US-Forscher entdeckten, daß ein Wachstumsfaktor bei der Bildung des Langzeitgedächtnisses bestimmend ist.
aus DER SPIEGEL 12/1997

Die herkömmliche Neuroanatomie hat ausgedient: »Durch konsequentes Starren auf Gehirne«, meint Hirnforscher Dr. Ralf Galuske vom Max-Planck-Institut in Frankfurt, »kann man heute einfach nichts mehr rauskriegen.«

Wo Neuroanatomen früherer Zeiten im Alleingang das Wesen des Geistes mit Hilfe des Mikroskops zu begreifen suchten, arbeiten heute Anatomen, Physiologen und Biochemiker Hand in Hand. Methoden aus Biochemie, Molekularbiologie und molekularer Zellbiologie dienen als Werkzeug, um die molekularen Veränderungen im Gehirn, die als Basis unseres Gedächtnisses gelten, zu analysieren und zu erklären.

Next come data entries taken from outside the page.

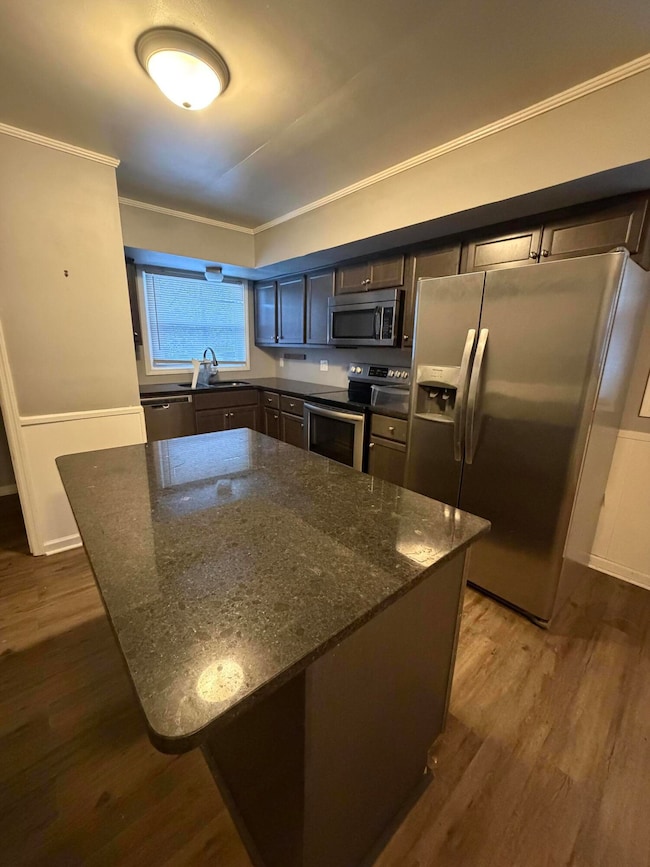 2060 Alexandria Dr, Lexington, KY 40504 - photo 5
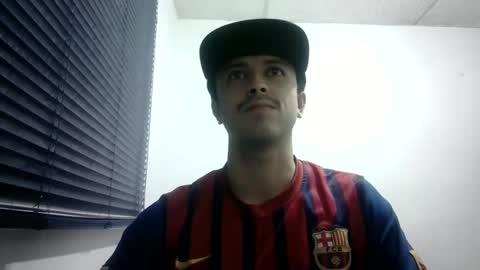 sperm_donor94 online show from October 19, 11:53 pm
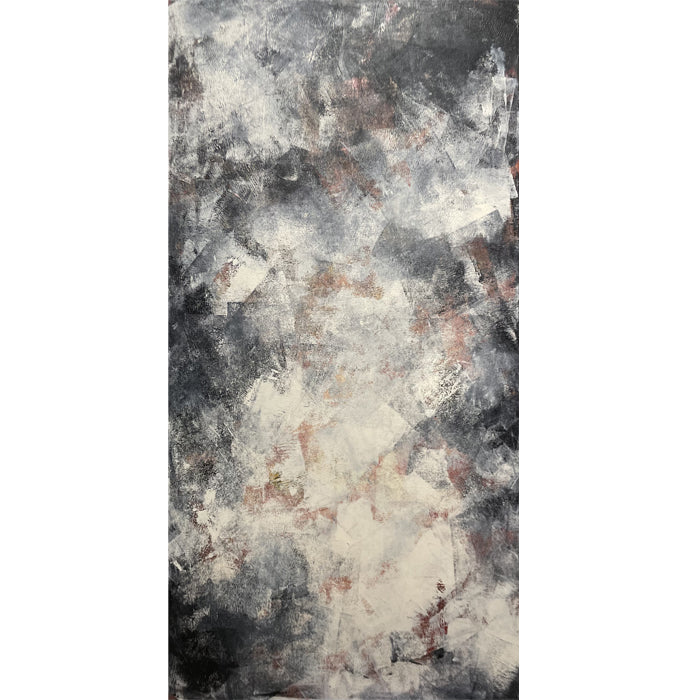 תמונה ללא כותרת - מירי ברוך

US-Wissenschaftlern unter der Leitung des Neurobiologen John H. Byrne gelang dabei jetzt ein Durchbruch. Sie wiesen im Tierexperiment nach, daß ein Protein, der Wachstumsfaktor TGFb (transforming growth factor beta), in Nervenzellen dieselben Veränderungen hervorruft, die als bestimmend für die Bildung von Langzeitgedächtnis gelten: eine Zunahme der Verbindungen zwischen sensorischen Neuronen (Nerven, die Impulse zum Muskel leiten) und Motoneuronen (Nerven, die den Muskel steuern).

Die Arbeit der Forschergruppe aus Houston zeigt, so der Jenaer Zellbiologe Reinhard Wetzker, »die enorme Plastizität des Nervensystems«. Entgegen früherer Annahmen wird es lebenslang von Wachstumsfaktoren und anderen biochemischen Abläufen geformt und modifiziert.

Nervenwachstumsfaktoren, sogenannte Neurotrophine, stehen derzeit im Rampenlicht der Forschung. Sie können Nervenzellen beeinflussen und deren Aktivität verändern.

Viele Forscher waren daher überrascht, daß gerade TGFb die Gedächtnisleistung von Nervenzellen beeinflußt, gehört es doch gerade nicht zur Gruppe der Neurotrophine. Bislang hatte man das Protein lediglich als wichtigen Regulator von Wachstum und Differenzierung im Embryonalalter und als Hemmstoff des Zellwachstums bestimmter Zellen im Erwachsenenalter angesehen.

Jetzt, da Wissenschaftler die Botenstoffe der Erinnerung entschlüsseln, deuten sich auch deren Nutzungsmöglichkeiten an: Krankhafte Veränderungen des Nervensystems, bei denen die Gedächtnisleistung nachläßt, wie zum Beispiel die Alzheimerkrankheit, lassen sich durch Wachstumsfaktoren wie TGFb möglicherweise positiv beeinflussen. Die Pharmaindustrie hält sich bereit: TFGb und andere Wachstumsfaktoren lassen sich mittels Gentechnologie in beliebiger Menge produzieren.

Hirnforscher Galuske warnt jedoch davor, die Ergebnisse der US-Studie ohne weiteres auf den Menschen zu übertragen: Beim anatomisch simplen Versuchstier, der Meeresschnecke Aplysia, »kennt man jedes Neuron mit Vornamen«. Bei Menschen »ist das schon noch etwas komplizierter«.